Common mistakes students make
- Treating sodium benzoate as neutral. It is not neutral because benzoate is the conjugate base of a weak acid.
- Using Ka directly without converting to Kb. For a salt of a weak acid, the hydrolysis is a base reaction, so you need Kb = Kw/Ka.
- Confusing pOH and pH. Once [OH-] is found, calculate pOH first, then convert to pH.
- Mixing up m and M. If the problem gives molality but no density, note the approximation clearly.
- Overcomplicating the algebra. Because Kb is tiny, the square-root shortcut usually works very well here.
When to use the exact quadratic method
The exact quadratic method is best when concentration is low, the equilibrium constant is larger, or your instructor specifically requires exact treatment. For sodium benzoate at 0.63, the approximation is already excellent. Still, advanced courses often prefer the quadratic route because it demonstrates full control over the equilibrium model and avoids relying blindly on the 5% rule.

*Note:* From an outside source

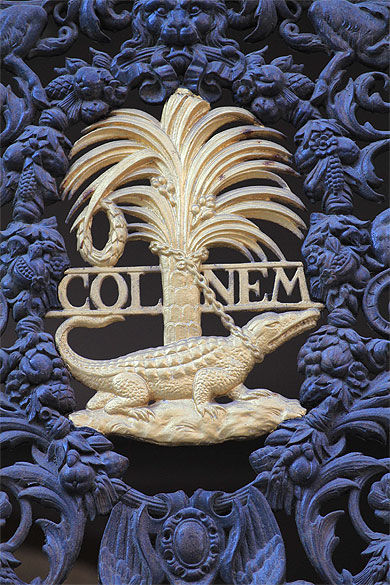 Nîmes - Emblême sur les portes de l'Hôtel de Ville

Authoritative references for pH and weak-acid chemistry
For additional reading on pH, acid-base behavior, and chemical property data, consult these sources:
Final answer summary
For a 0.63 m sodium benzoate solution, using pKa = 4.20 for benzoic acid and the standard approximation that 0.63 m is about 0.63 M, the solution pH is approximately 9.00.
If you want a more refined answer, use the calculator at the top of the page and provide solution density so the molality can be converted to molarity. In normal instructional chemistry settings, however, pH = 9.00 is the accepted and chemically correct result.